TASK INPUTS >>
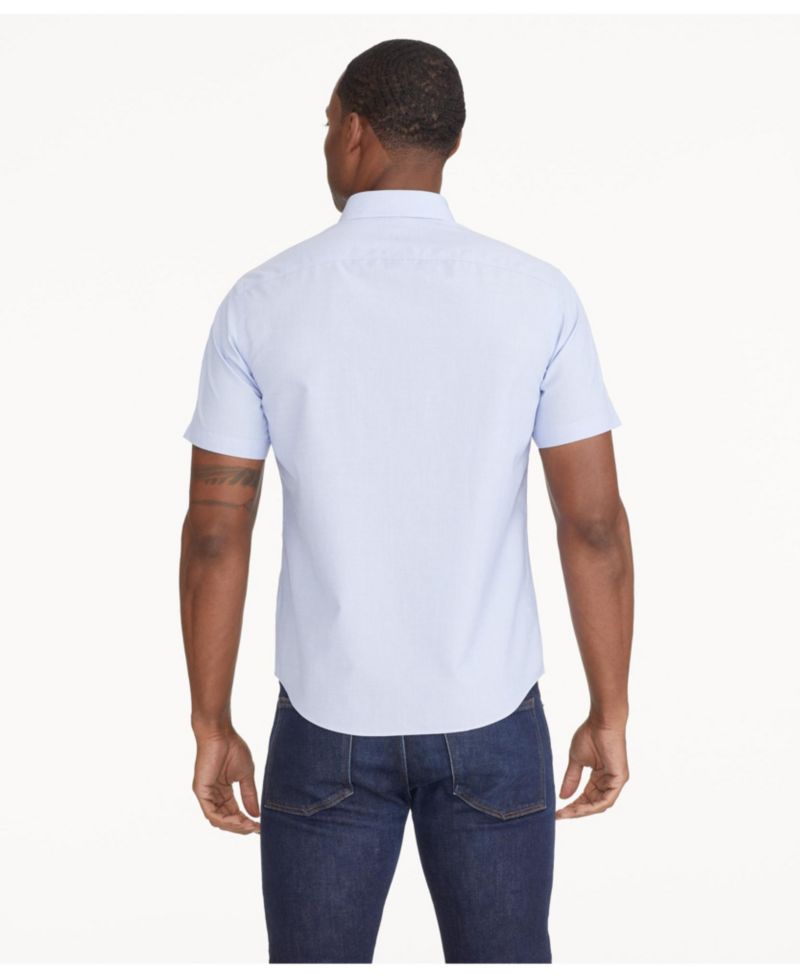 Men's Slim Fit Wrinkle-Free Short-Sleeve Hillstowe Button Up Shirt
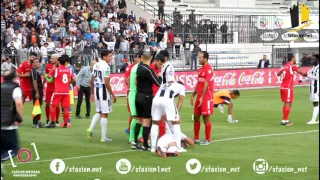 بعد الهدف الاول : اعتداء عمار الجمل علي احد لاعبين النادي الصفاقسي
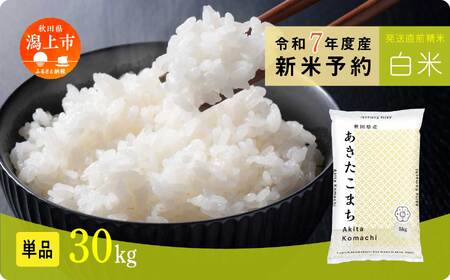 《先行予約》 白米 あきたこまち 令和7年産 30kg(5kg×6)  5kg袋 小分け 米 グルメ ふるさと こめ コメ 一人暮らし  【秋田のこまち農場】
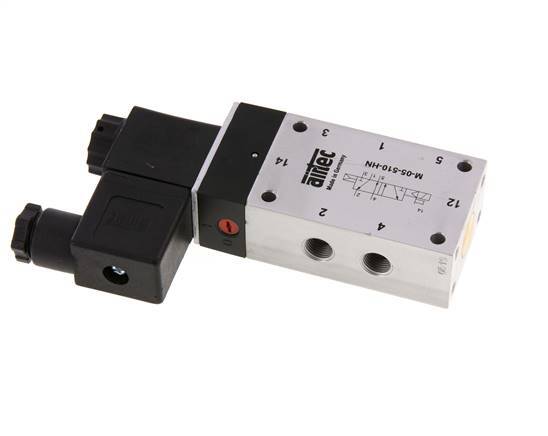 válvula solenoide 5/2 G1/8'' 230V AC 2-10bar/28-140psi Airtec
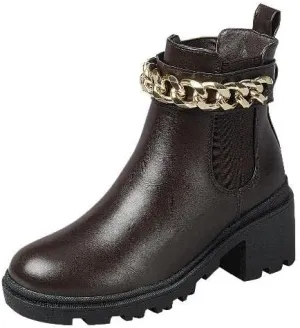 Shoes - Women's Chunky Heel Lug Sole Fashion Ankle Boots, Formal Black Booties for Women
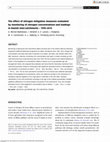 Research paper thumbnail of The effect of nitrogen mitigation measures evaluated by monitoring of nitrogen concentrations and loadings in Danish mini-catchments – 1990–2015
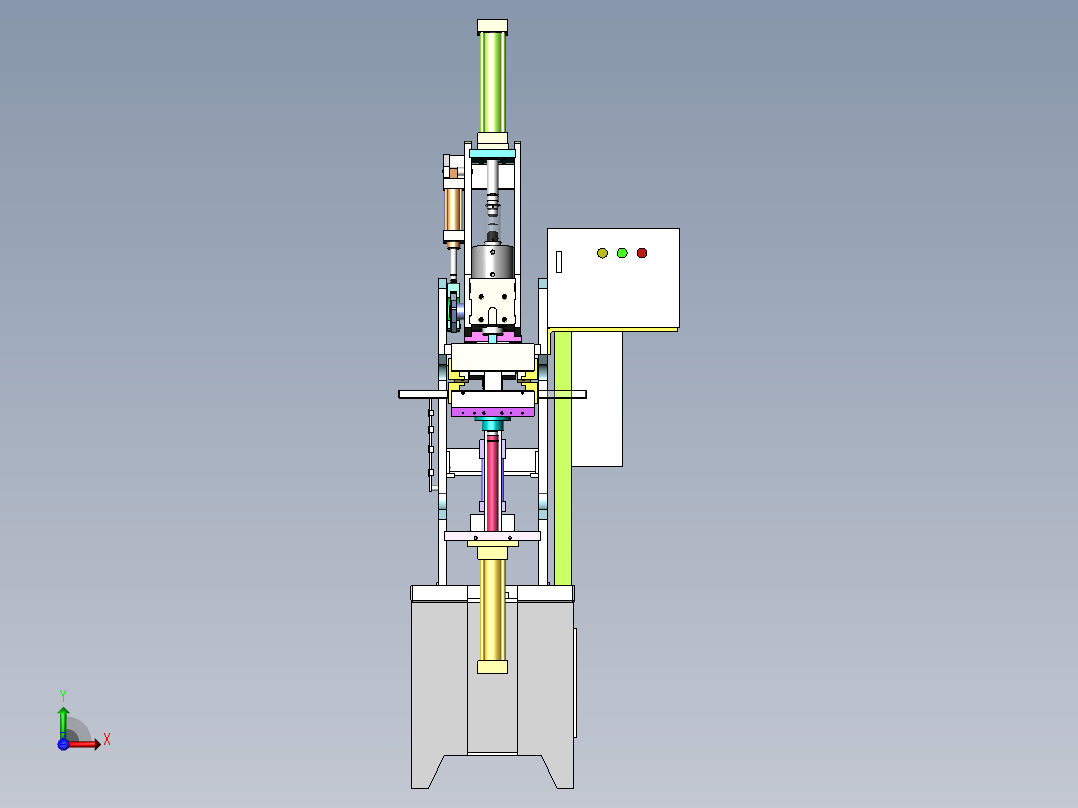 熔接机设备（sw18可编辑+工程图）前视图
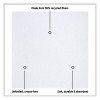 Linen-Like Natural Flat Pack Napkin, 16 x 16, White, 1,200/Carton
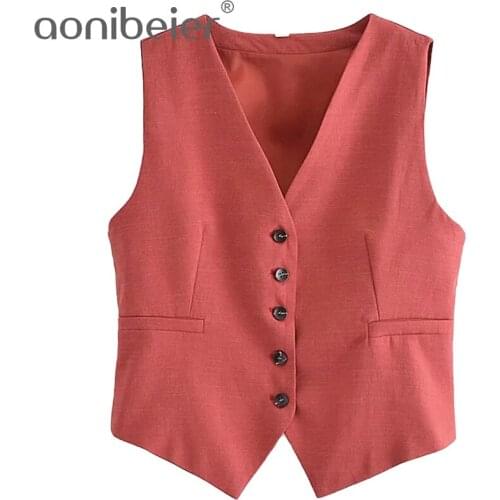 Женские осенние жилеты Aonibeier China At AliExpress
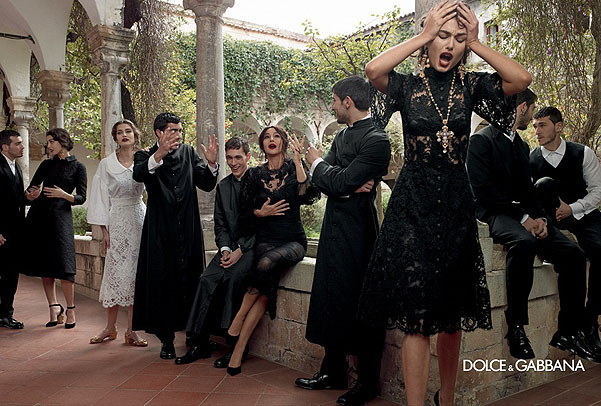 Страсти по Сицилии: Бьянка Балти и Моника Белуччи для Dolce&Gabbana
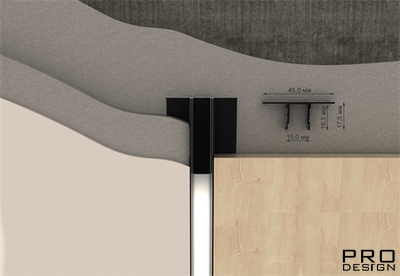 Декоративный стеновой профиль Pro Design 534 Черный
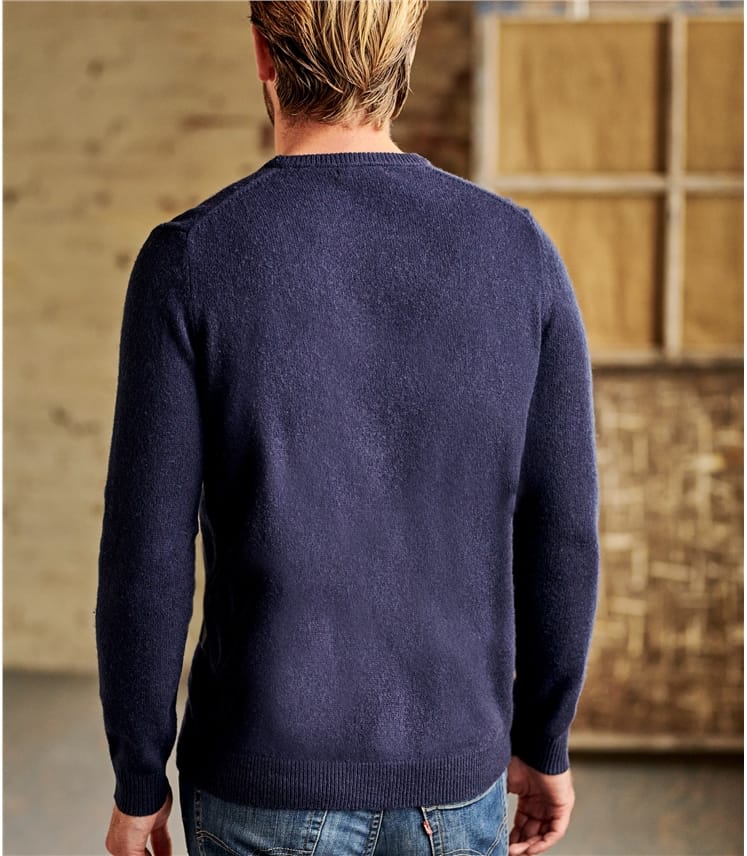 Swell Layback Crew Mens Jumper Navy All Sizes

WHAT TO DO >> Since the copy must hold no pictures, repeat everything else in the records exactly as written.

TASK OUTPUT >>
 Men's Slim Fit Wrinkle-Free Short-Sleeve Hillstowe Button Up Shirt
 بعد الهدف الاول : اعتداء عمار الجمل علي احد لاعبين النادي الصفاقسي
 《先行予約》 白米 あきたこまち 令和7年産 30kg(5kg×6)  5kg袋 小分け 米 グルメ ふるさと こめ コメ 一人暮らし  【秋田のこまち農場】
 válvula solenoide 5/2 G1/8'' 230V AC 2-10bar/28-140psi Airtec
 Shoes - Women's Chunky Heel Lug Sole Fashion Ankle Boots, Formal Black Booties for Women
 Research paper thumbnail of The effect of nitrogen mitigation measures evaluated by monitoring of nitrogen concentrations and loadings in Danish mini-catchments – 1990–2015
 熔接机设备（sw18可编辑+工程图）前视图
 Linen-Like Natural Flat Pack Napkin, 16 x 16, White, 1,200/Carton
 Женские осенние жилеты Aonibeier China At AliExpress
 Страсти по Сицилии: Бьянка Балти и Моника Белуччи для Dolce&Gabbana
 Декоративный стеновой профиль Pro Design 534 Черный
 Swell Layback Crew Mens Jumper Navy All Sizes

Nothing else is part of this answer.